Como el criterio principal es la igualdad del voto, la consecuencia evidente es que las regiones perderán representación política, particularmente las menos pobladas, y aumentará la gravitación de la Región Metropolitana. En la democracia previa a 1973, había 150 diputados para un país cuya población era de 10 millones, cómo no va a ser razonable un número de 155 escaños, ahora que la población es casi el doble.

Teníamos esperanza de que los expertos y los consejeros actuaran con libertad sin considerar los intereses corporativos de los partidos, de sus líderes, sus ediles y congresistas. Nos equivocamos.

Por cálculos mezquinos, el Consejo eliminó de la propuesta de los expertos la saludable decisión de trasladar la elección parlamentaria a la Segunda Vuelta presidencial, de manera de favorecer la constitución de mayorías que permita a los gobiernos mejores posibilidades de llevar adelante los programas comprometidos con la ciudadanía.

Tampoco se hace ninguna exigencia mayor para asegurar la tan necesaria democracia interna de los partidos políticos, como pudo haber sido el establecimiento de primarias obligatorias para todos los cargos de elección popular. Ni siquiera está planteada cuando se trata del reemplazo de un congresista.

Y los intereses corporativos metieron su cola cuando se modifica el límite a la reelección tratándose de los alcaldes, a quienes se les brinda en el texto la posibilidad de itinerancia eterna, pudiendo trasladarse a competir a otra comuna luego de haber completado 12 años en la suya.

Perdió también la oportunidad de corregir el sinsentido de que, para interpelar a una autoridad ministerial se requiere la solicitud de un tercio de la Cámara de Diputados, pero para presentar la acción de fiscalización más severa, que es la Acusación Constitucional, se exige sólo diez firmas, que el texto propuesto eleva a quince.

Las acusaciones constitucionales se banalizaron por esto. Porque basta un puñado de parlamentarios para presentarlas, y aunque antes de ingresarlas tengan muy poco respaldo, terminan habitualmente produciendo una alineación casi sin grietas entre oficialistas que las rechazan y opositores que las respaldan.

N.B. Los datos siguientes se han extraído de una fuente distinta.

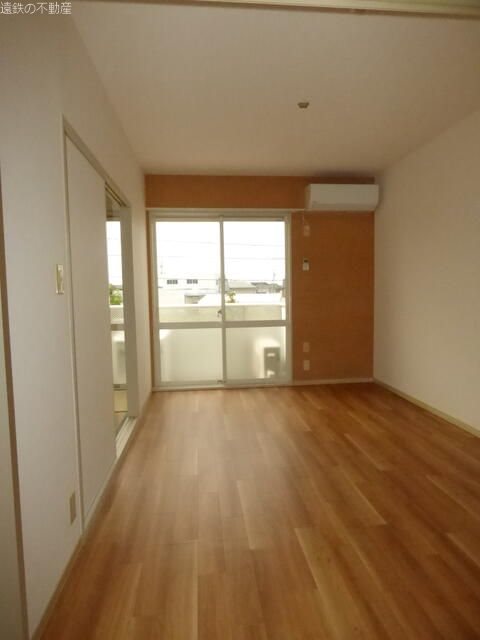 セントポーリア葵D リビング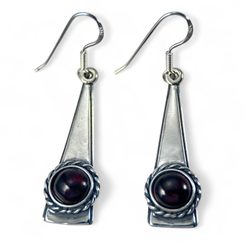 TRIANGLE - Garnet, earrings, silver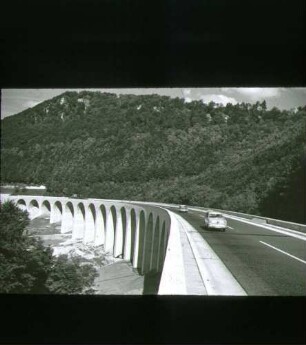 Albaufstieg, Todsburgbrücke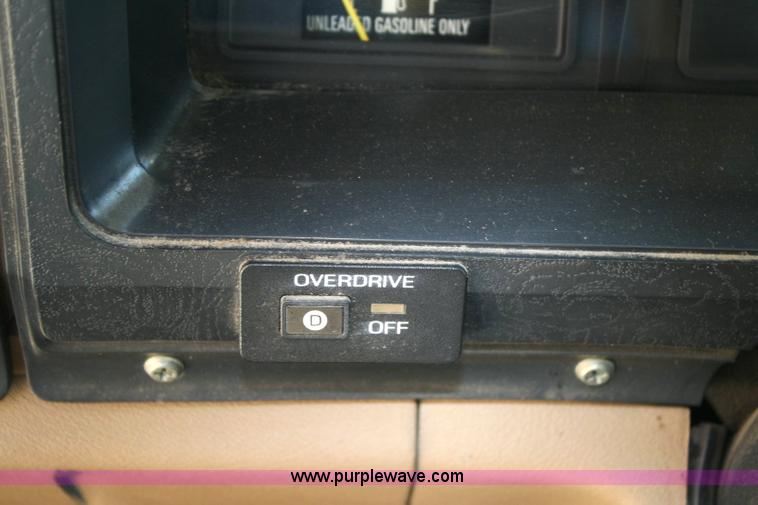 image for item 6331 1990 Ford E350 van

Conscientes de que el problema actual no es sólo la multiplicación de partidos políticos, sino la individualización del comportamiento parlamentario, los expertos habían propuesto que la expulsión de un congresista de su partido conllevara la pérdida del escaño, obviamente con causales y procedimientos definidos para evitar abusos de poder. Pero el Consejo dejó como causal de pérdida del escaño sólo la renuncia voluntaria al partido, medida perfectamente inútil, pues nadie tomará esa decisión si tiene esa consecuencia, esperando la expulsión, pues ésta le permitirá continuar ejerciendo el cargo parlamentario.

Nada se sugiere tampoco respecto del reforzamiento del comportamiento colectivo de los parlamentarios, pudiendo haber definido, como ocurre en casi todos los parlamentos con sistema proporcional, que la mayor parte de los recursos destinados a potenciar la labor parlamentaria se orienta preferentemente a las bancadas y no, como ocurre aquí, a cada uno de los diputados.

No quiero aburrirlos con más detalles, pero insisto: si de verdad se quería reducir radicalmente la fragmentación actual, había que prohibir los pactos electorales para las elecciones parlamentarias. Sin dilación.

Porque no logró el propósito de unirnos, porque los Republicanos aprovecharon su inesperada votación de mayo pasado para meter parte de su programa político en la constitución y porque los cambios al sistema político son completamente insuficientes para reformarlo de veras, mi opinión es que este segundo intento constituyente ya fracasó, antes incluso de la votación del 17 de diciembre e independientemente de su resultado.